What we were trying to do with Rainforests Project is to find a way of providing incentives for people to retain these vital habitats. It seemed to me, and I think this is something which is crucial in the future, that without developing a proper market for eco-system services we are all up the proverbial and remaining gum tree. It also seems to me at the same time that such an approach, which is what we are trying to do really with the Rainforests Programme and the Rainforests Bond, would make more difference to the poorest people on earth than anything else because they would actually have a reason to retain these eco systems.

I don’t know how many of you, Ladies and Gentlemen, find, as I do, how difficult it is to explain to people what an ecosystem is, let alone what bio-diversity is. You talk about sustainability and everybody yawns now but what other word is there? What other word apart from bio-diversity can you try and use to explain that we are, all of us, connected intimately with that bio-diversity. We are Nature. We are part of Nature and within us is a microcosm of the whole macrocosm.

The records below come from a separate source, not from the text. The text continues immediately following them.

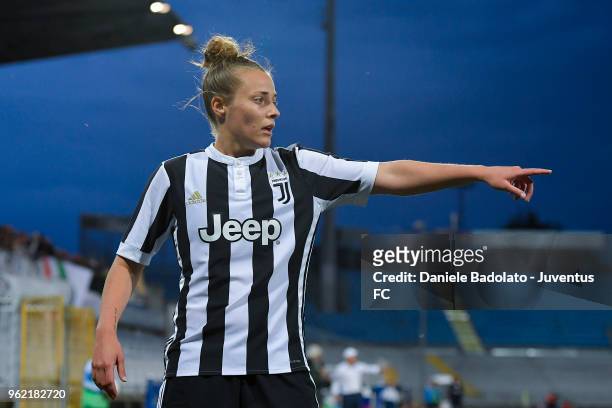 Aurora Galli of Juventus in action during the women serie A final match between Juventus Women and Brescia calcio Femminile at Silvio Piola Stadium...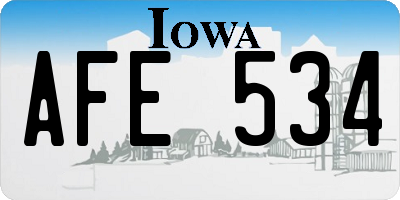 IA license plate AFE534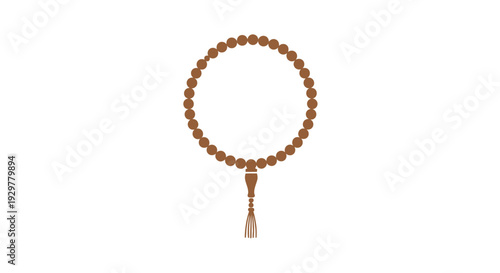 Brown Beaded Mala Prayer Necklace.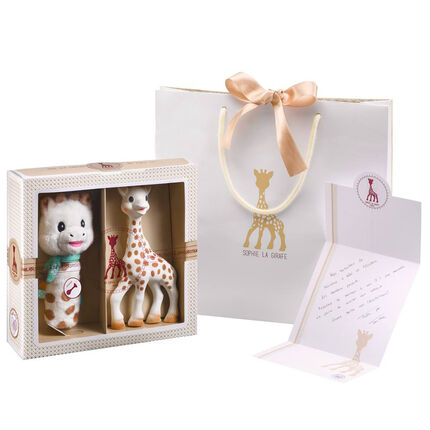 Coffret de naissance Sophie la Girafe avec hochet ecru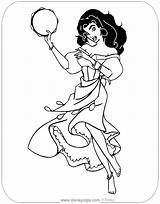 Esmeralda Hunchback Disneyclips Quasimodo Tambourine sketch template
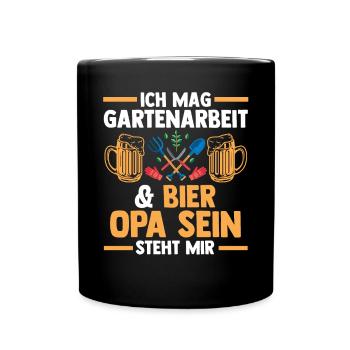 Großvater Großpapa Opi Garten Gartenarbeit Opa - Tasse einfarbig - Schwarz - Vorne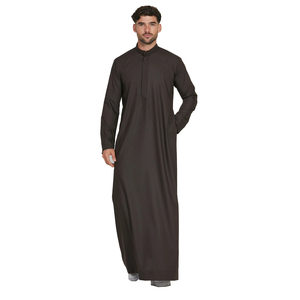 Customized Muslim Pakistan <b>Men's</b> Jubba Anti-Static Polyester Fabric Embroidery V Neck Long Sleeve Loose Fit Jubba Kurta <b>Thobe</b> - Product Image 1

That is why I think the work that so many of you are doing is of such enormous importance in so many different parts of the world and against so many difficult odds.

The wonderful thing is that the Albatross Project has already begun to see success in terms of an 85% reduction in mortality in the South African area, but of course because albatrosses live for so long it takes a long time to breed – it’s going to take a long time to see any real results on the ground.

I just wanted to say as well that I am so pleased that my International Sustainability Unit, which is now working not only on rainforests but also in fisheries, threatened marine eco-systems and sustainable agriculture and food security, has Sir Graham Wynne, Mike Clarke’s predecessor, helping me in this task. He is already helping to do some remarkable work in and around Lake Naivasha in Kenya where, I am sure some of you know, there are huge problems and challenges which the Kenyan Prime Minister was very keen we find a way of helping to tackle.

So I hope that we can work with the RSPB as a very major NGO, and other NGOs of similar kind, throughout the world, together with the private sector and the public sector which I know will make the ultimate difference. So, Ladies and Gentlemen, your kindness and generosity and your medal, which I would love to hang round my neck, will encourage me enormously in the continuing battle we have on behalf of our children and grand-children and bio-diversity. Thank you.